Question

$\tt \: find \:number \: of \: orered \: pairs \:( a \: b) \: such \: that \: the \: equation \: x^{2} + ax + b = 0. \: has \: rational \: roots. \\ given \: \: a \: b \: are \: the \: odd \: natural \: number.$
easy and conceptual question. solve it​

Answer 1

We're given,

$x^2+ax+b=0$ has rational roots.

The roots of ${x}^{2} + ax + b = 0$ are, $\dfrac{-a\pm\sqrt{a^2-4b}}{2}.$

In order for the roots to be rational, the discriminant, $D=a^2-4b$ shall be a perfect square.

So, for a natural number $k,$

$a^2-4b=k^2$

It is given that, a and b are odd natural numbers.

• Then, $a^2$ shall also be odd.
• And $4b$ shall be even.
• We know that, odd - even (in LHS) = odd (in RHS).
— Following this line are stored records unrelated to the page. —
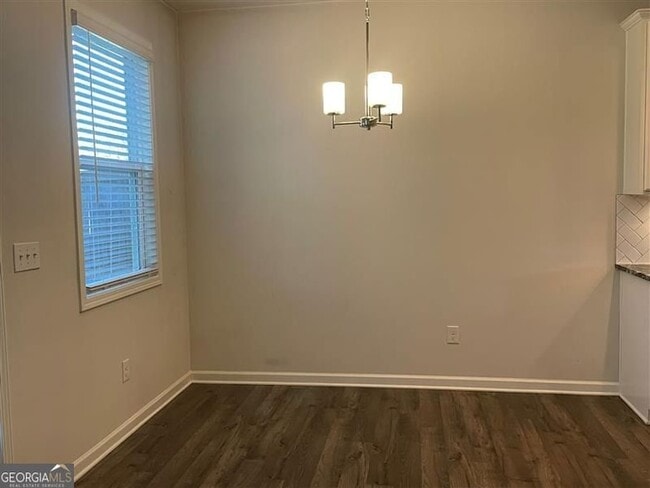 Building Photo - 1809 Parkades Path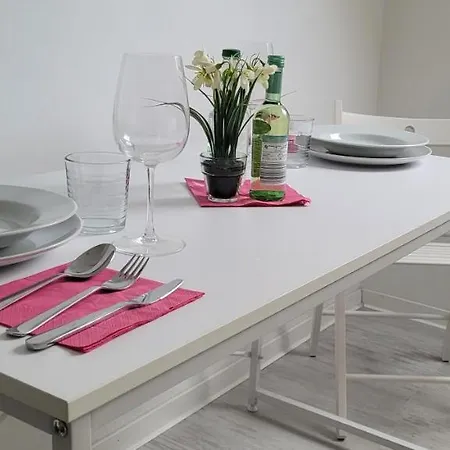 Apartament Berg Messe Dg 1zi, K,d,b Parkplatz, W-lan, Homeoffice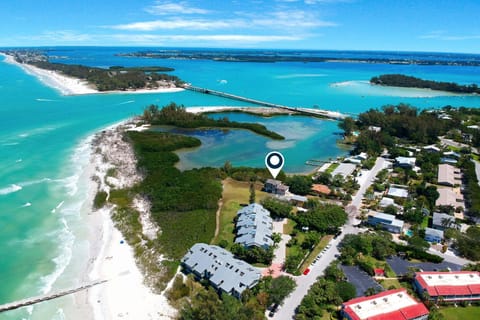 Beach to Bay View House in Longboat Key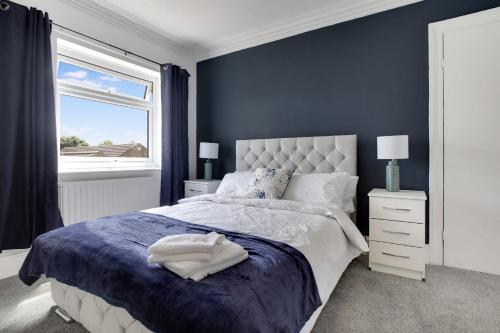 Cama o camas de una habitación en Inviting 2-Bedroom Home in Coxhoe, Sleeps 4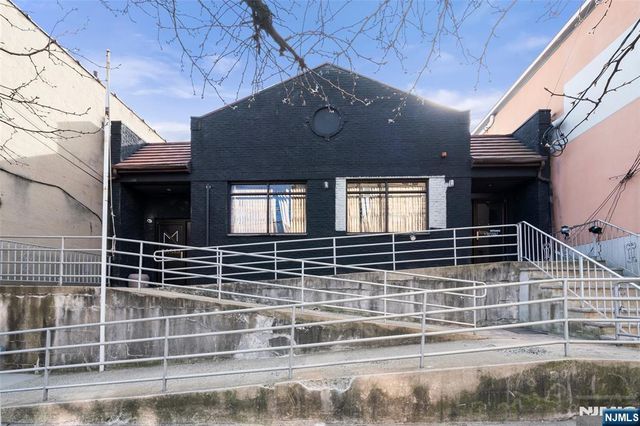 526 Anderson Avenue, Cliffside Park, NJ 07010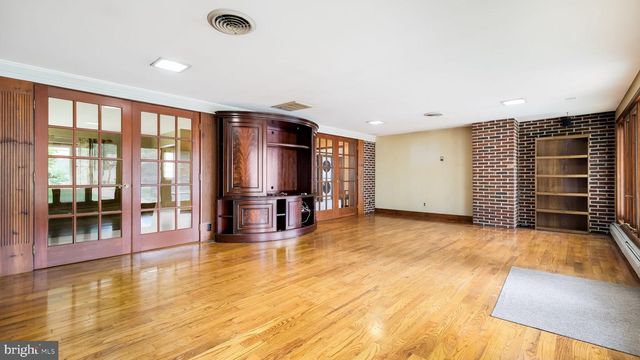 6609 N RADCLIFFE ST, Bristol, PA 19007
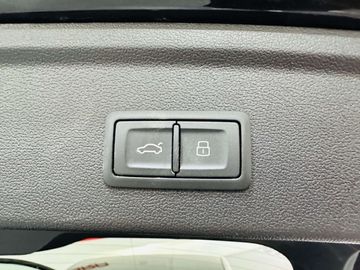 Car image 36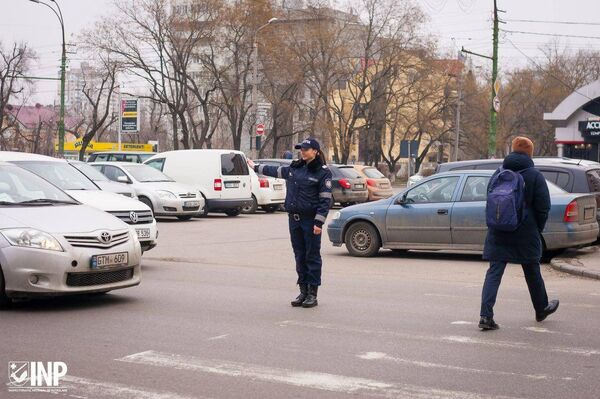 Foto - Negociatori în epoleți: Istoria unei polițiste Foto - Negociatori în epoleți: Istoria unei polițiste - Sputnik Moldova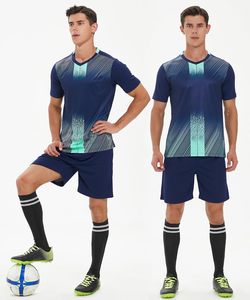 Tenue de football athlétique pour hommes à manches courtes, en matière respirante et légère, prête pour le match - Product Image 5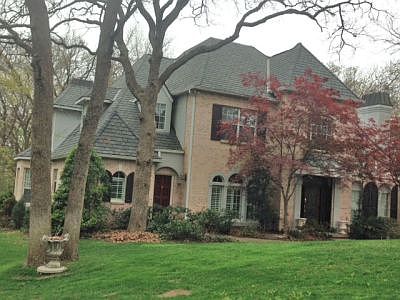 Ellegant French 2-story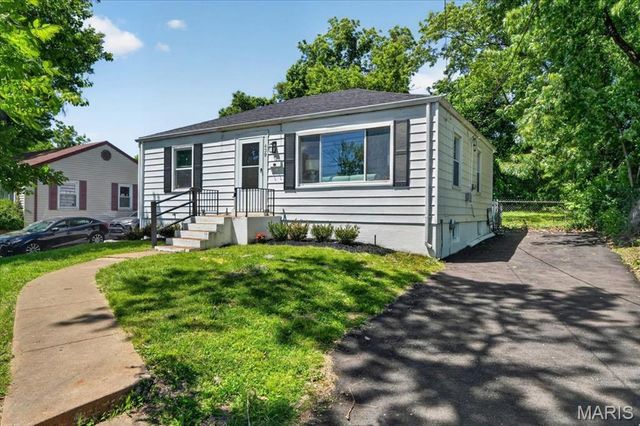 439 E Elliott Avenue, Kirkwood, MO 63122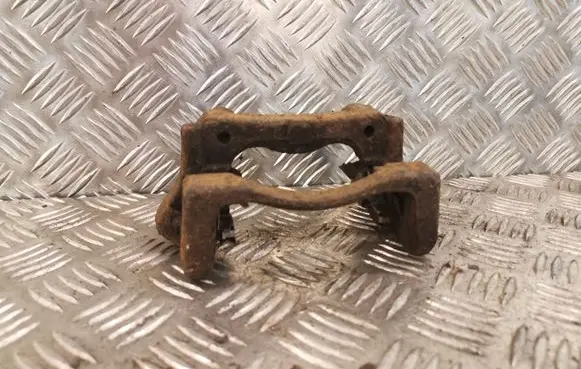 Toyota Corolla Verso E121 Brake caliper pad carrier rear 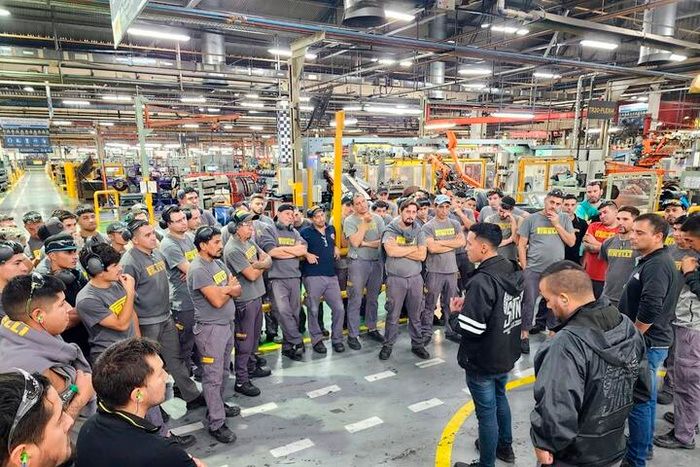 Nuevos despidos en Pirelli golpean a la industria del neumático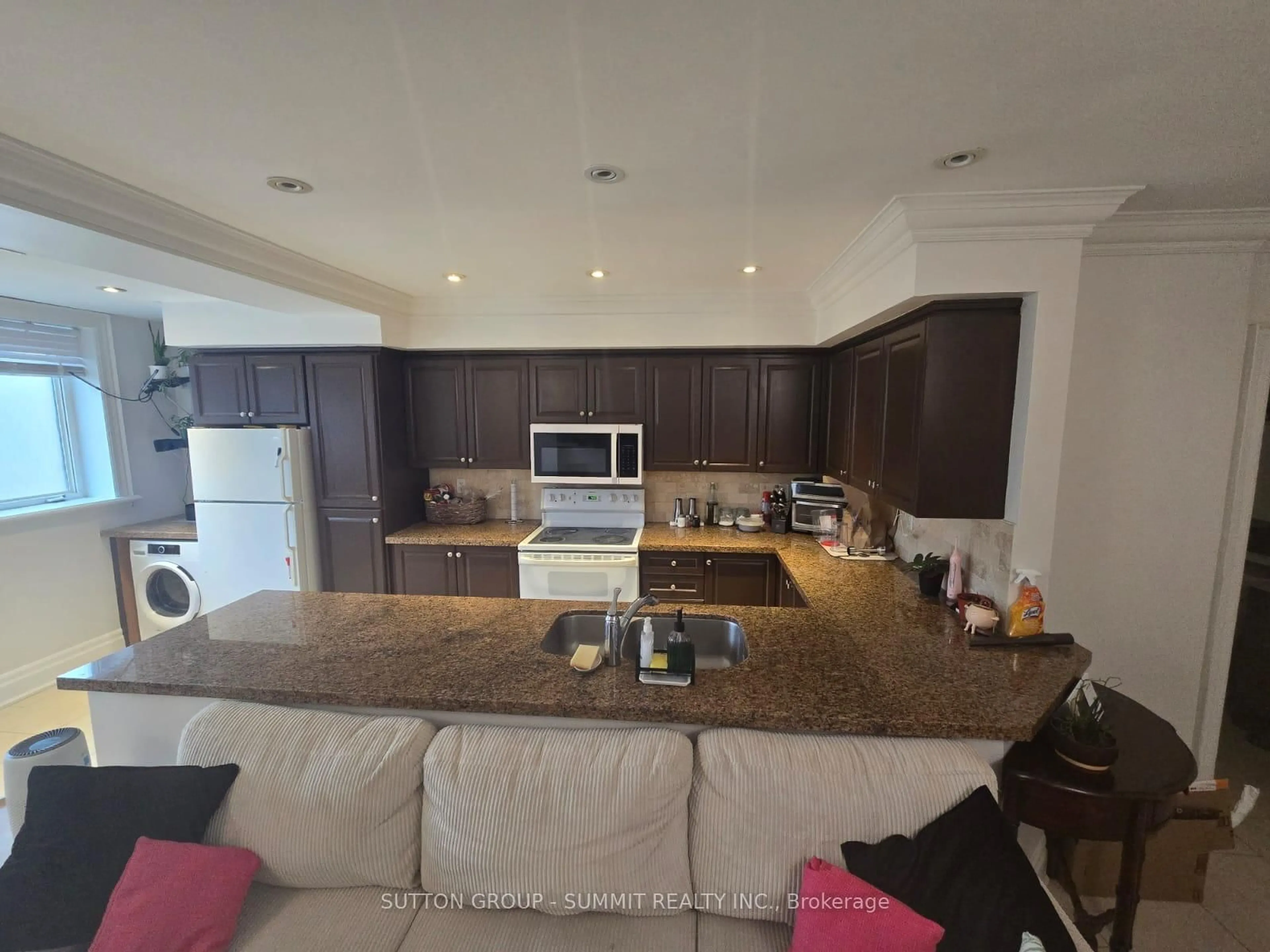 Open concept kitchen, unknown for 2615 KEELE St #104, Toronto Ontario M6L 2P2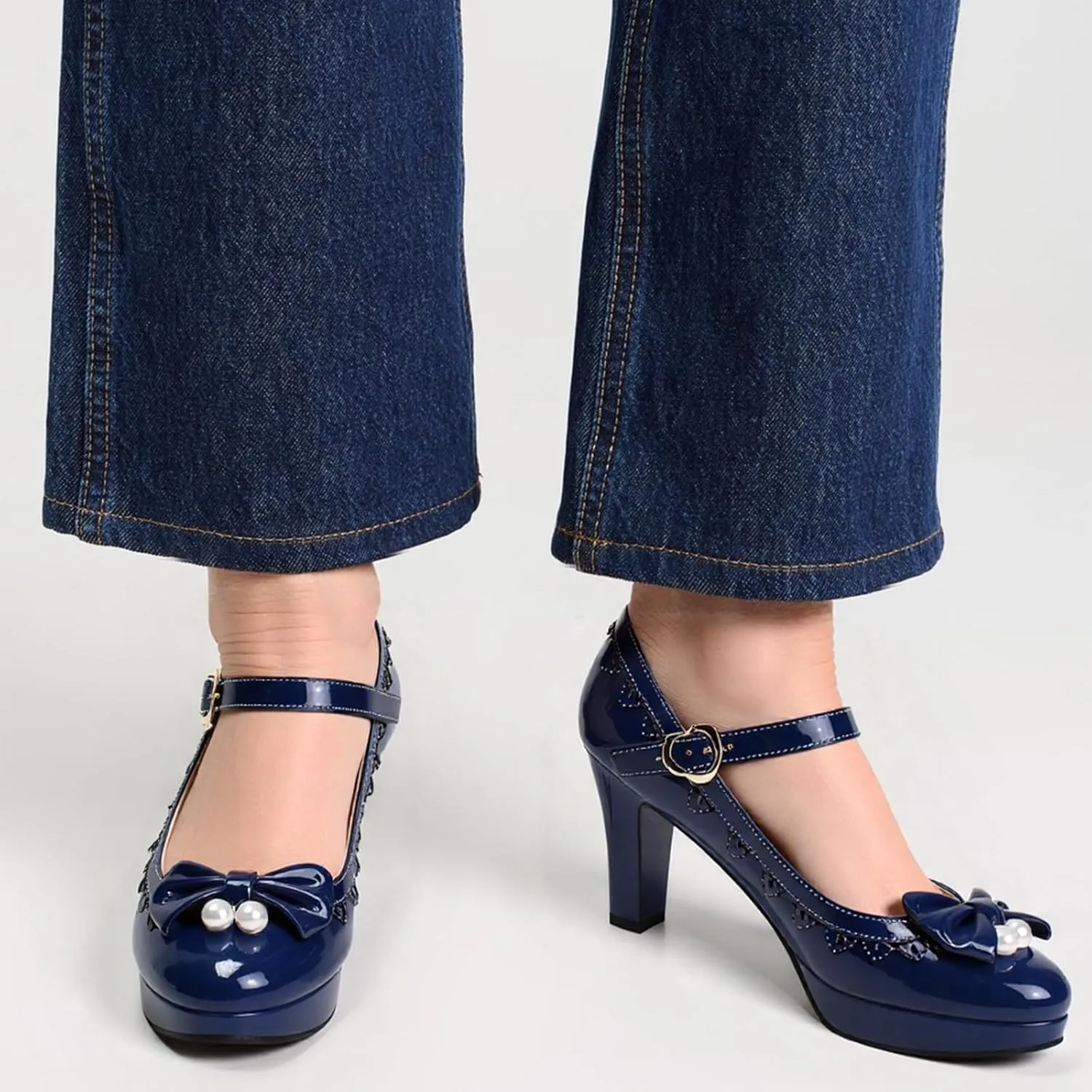 Women's Patent Leather Chunky Heel Lolita Mary Jane Cute Bow Pearl Round Toe Buckle Kawaii Party High Heels Fashion Dance Shoes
Hence $k^2$ is odd.
• From here we conclude, $k$ is an odd natural number.

$\longrightarrow a^2-k^2=4b$

$\longrightarrow (a + k)(a - k) = 4b$

Case 1:

If $(a-k)=b,$

• We know that, $a,b$ and $k$ are odd natural numbers.
• We know that, odd - odd (in LHS) = even (in RHS)
• But $b$ is odd.
• That's a contradiction.

Hence no ordered pairs of (a, b) satisfying case 1.

Case 2:

If $(a+k)=b,$

• We know that, $a,b$ and $k$ are odd natural numbers.
• We know that, odd + odd (in LHS) = even (in RHS)
• But $b$ is odd.
• That's a contradiction.

Hence no ordered pairs of (a, b) satisfying case 2.

Hence, there are no ordered pairs satisfying this condition.